In many instances, however, predicting a single time series of data is insufficient, and knowledge of the temporal evolution of a physical system over regional (or global) spatial scales is required. This spatiotemporal approach is used, for example, in attempts to predict weather across the entire globe as a function of time and 3D space in high-capacity models such as deep neural networks.

3. Emulators and Surrogates

Physics-based simulations can take days or weeks to run on even the most powerful computers. An alternate solution is to train ML models to act as emulators for physics-based models.Traditional, physics-based simulations (e.g., global climate models) are often used to model complex systems, but such models can take days or weeks to run on even the most powerful computers, limiting their utility in practice. An alternate solution is to train ML models to act as emulators for physics-based models or to replicate computationally intensive portions within such models. For example, global climate models that run on a coarse grid (e.g., 50- to 100-kilometer resolution) can include subgrid processes, like convection, modeled using ML-based parameterizations. Results with these approaches are often indistinguishable from those produced by the original model alone but can run millions or billions of times faster.

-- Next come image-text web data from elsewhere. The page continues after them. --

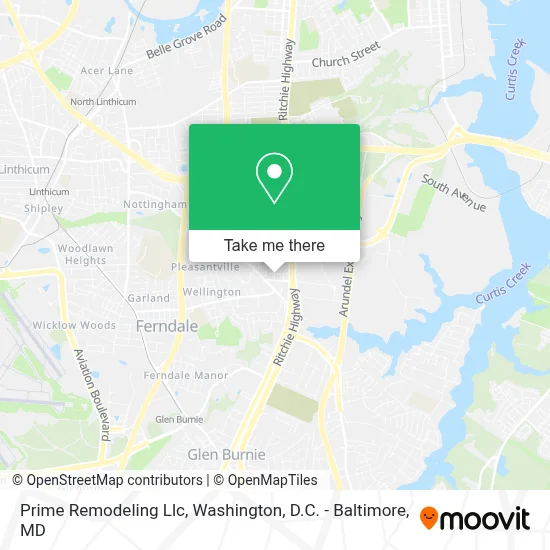 Prime Remodeling Llc map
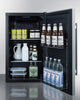 Outdoor Shallow Depth ADA Compliant (32.5'' H) Refrigerator In A 19'' W X 17.25'' D Footprint, With Stainless Steel Door And Lock - SPR196OSADA Summit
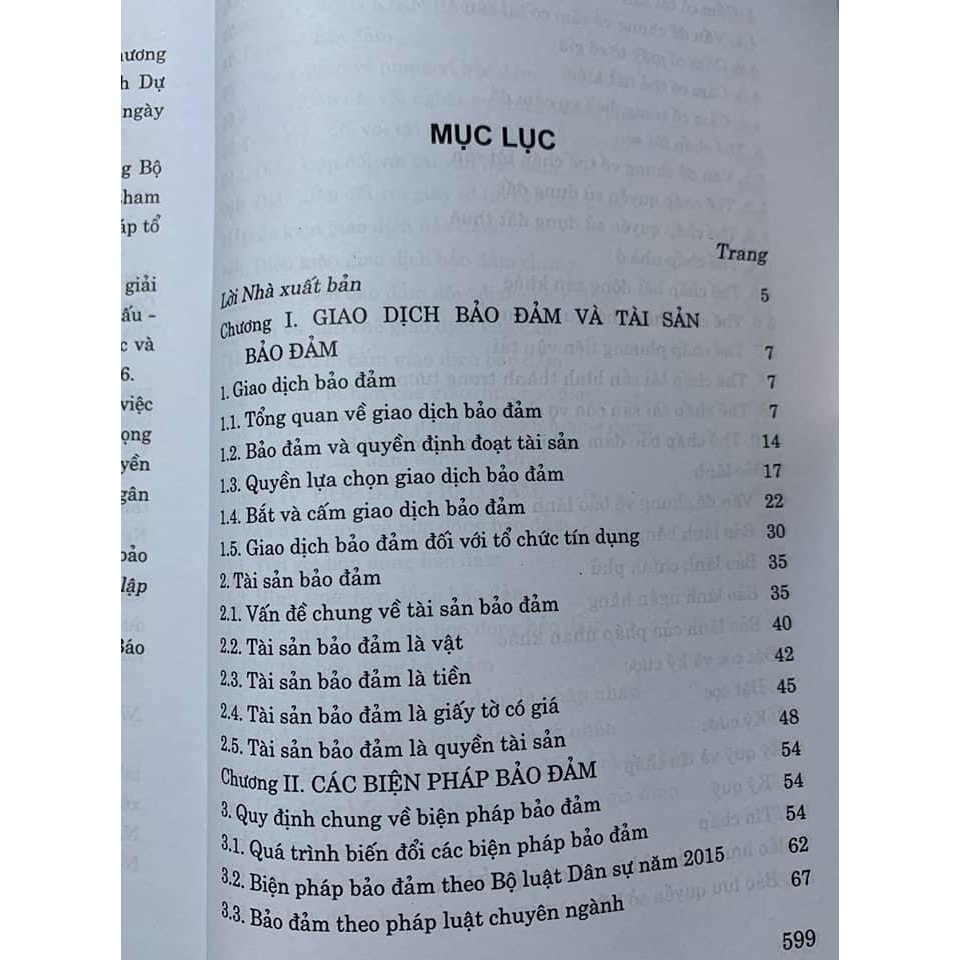 Sách - Chín biện pháp bảo đảm nghĩa vụ hợp đồng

4. Boundary or Driving Conditions

Many physics-based simulations proceed by integrating a set of partial differential equations (PDEs) that rely on time-varying boundary conditions and other conditions that drive interior parts of the simulation. The physics-based model then propagates information from these boundary and driver conditions into the simulation space—imagine, for example, a 3D cube being heated at its boundary faces with time-varying heating rates or with thermal conductivity that varies spatiotemporally within the cube. ML models can be trained to reflect the time-varying parameterizations both within and along the simulation boundaries of a physical model, which again may be computationally cheaper and faster.

5. Interpretability and Knowledge Discovery

If a spatiotemporal ML model of a physical system can be trained to produce accurate results under a variety of input conditions, then the implication is that the model implicitly accounts for all the physical processes that drive that system, and thus, it can be probed to gain insights into how the system works. Certain algorithms (e.g., random forests) can automatically provide a ranking of “feature importance,” giving the user a sense of which input parameters affect the output most and hence an intuition about how the system works.

More sophisticated techniques, such as layerwise relevance propagation, can provide deeper insights into how different features interact to produce a given output at a particular location and time. For example, a neural network trained to predict the evolution of the El Niño–Southern Oscillation (ENSO), which is predominantly associated with changes in sea surface temperature in the equatorial Pacific Ocean, revealed that precursor conditions for ENSO events occur in the South Pacific and Indian Oceans.

6. Accelerating Inversions

A ubiquitous challenge in ESS is to invert observations of a physical entity or process into fundamental information about the entity or the causes of the process (e.g., interpreting seismic data to determine rock properties). Historically, inverse problems are solved in a Bayesian framework requiring multiple runs of a forward model, which can be computationally expensive and often inaccurate. ML offers alternative methods to approach inverse problems, either by using emulators to speed up forward models or by using physics-informed machine learning to discover hidden physical quantities directly. ML models trained on prerun physics-based model outputs can be used for rapid inversion.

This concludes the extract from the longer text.